Setelah makan malam, Sodik Asmoro, pemimpin sebuah kelompok komite ekowisata lokal yang bernama Kaban Mayas (diterjemahkan dari bahasa Iban sebagai Sahabat Orangutan), memberikan presentasi singkat tentang bagaimana pengembangan ekowisata telah mengubah keadaan menjadi lebih baik di daerah tersebut selama masa lalu. beberapa tahun.
Masyarakat sekarang mulai lebih terbuka terhadap konservasi setelah menyadari bahwa mereka dapat memanfaatkan flora dan fauna yang ditemukan di sekitar mereka. Melalui ekowisata, mereka bisa mendapatkan keuntungan dari layanan penyewaan rumah inapan (homestay), perahu dan kano.
Dengan bantuan WWF-Indonesia, penduduk desa mendirikan Kaban Mayas sebagai tumpuan untuk memastikan keberlanjutan habitat ekosistem dan orangutan di daerah tersebut.
Selain ikan arwana, Meliau adalah rumah bagi sejumlah spesies ikan lainnya seperti toman, piang, kerandang dan piyam. Daerah ini juga diberkati dengan 28 spesies mamalia termasuk orangutan, fauna unggas (201), amfibi (22), reptil (18) dan tanaman (353).
Kami meninggalkan Meliau untuk Empangau pada hari ketiga. Itu adalah perjalanan tiga jam di kapal lima tempat duduk yang sama yang kami gunakan sebelumnya. Kami diberitahu oleh warga desa Empangau bahwa mereka akan melakukan aktivitas restocking ikan untuk diikat dengan kunjungan kami di sana.
Puncak acara tersebut adalah saat Kapolda Kapuas Hulu, Abang Muhammad Nasir, meresmikan acara penangkapan ikan dengan merilis 10 arwana super redam ke danau. Sama seperti Meliau, Empangau juga memiliki arwana. Hal ini juga rumah bagi spesies ikan lainnya seperti toman, baung, jelawat dan tengadak.

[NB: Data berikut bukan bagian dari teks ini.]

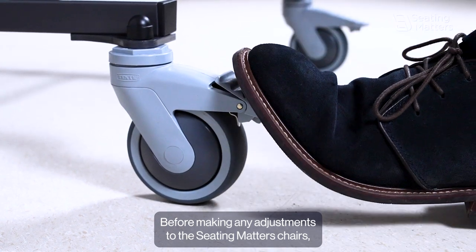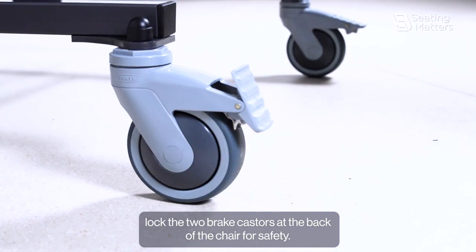Before making any adjustments to the seat mattress chairs, lock the two brake casters at the back of the chair for safety.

Pada akhir tahun 90an, Empangau menghabiskan hampir semua stok ikan arwana karena terlalu banyak pemanenan. Hal Ini dikarenakan kepercayaan yang tersebar luas bahwa arwana akan membawa kedamaian dan keberuntungan bagi pemiliknya. Bergantung pada ukuran, satu arwana bisa mencapai sekitar 800 Ringgit.
Masyarakat kemudian menyadari bahwa penangkapan ikan yang terlalu banyak telah merugikan ekonomi mereka. Dengan bantuan WWF-Indonesia, penduduk desa sepakat untuk mulai melindungi danau mereka pada tahun 2000. Mereka juga menjatuhkan hukuman berat: mereka yang tertangkap melanggar hukum lebih dari tiga kali akan diusir dari desa.
Kami meninggalkan Kalimantan Barat pada hari kelima untuk kembali ke hiruk pikuk kehidupan kota. Saya mengagumi tekad masyarakat Meliau dan Empangau dalam menyeimbangkan konservasi alam dan pembangunan ekonomi. Semoga saja kegiatan berkelanjutan yang berkelanjutan di kedua wilayah tersebut akan mengilhami desa-desa lain untuk mencapai keseimbangan antara keuntungan ekonomi dan konservasi, tidak hanya di Indonesia tapi juga di Malaysia.